⟨
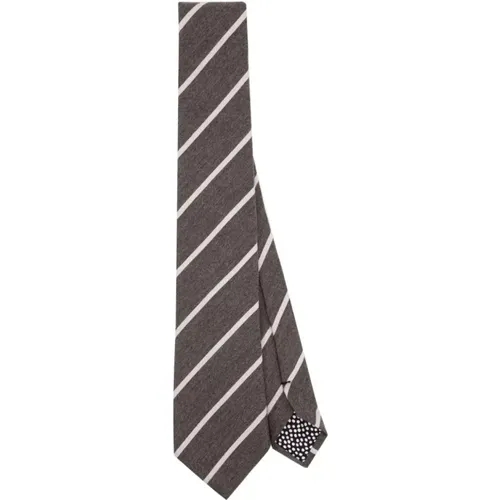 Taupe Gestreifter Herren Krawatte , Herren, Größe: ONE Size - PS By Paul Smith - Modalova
⟩
⟨
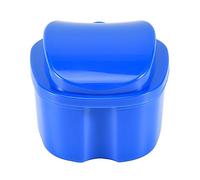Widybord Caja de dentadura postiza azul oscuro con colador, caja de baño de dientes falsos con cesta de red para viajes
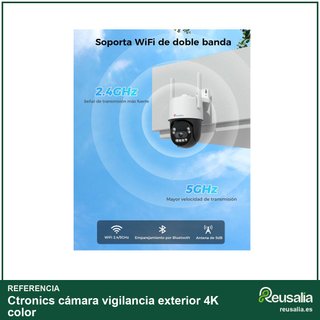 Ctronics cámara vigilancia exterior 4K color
⟩
▶ **What the task requires**
Copy out exactly the lines above beginning with the line that contains "Widybord Caja de" and finishing with the line that contains "Ctronics cámara vigilancia exterior 4K color", including both; leave the pictures out.

▶ **Task result**
Widybord Caja de dentadura postiza azul oscuro con colador, caja de baño de dientes falsos con cesta de red para viajes
 Ctronics cámara vigilancia exterior 4K color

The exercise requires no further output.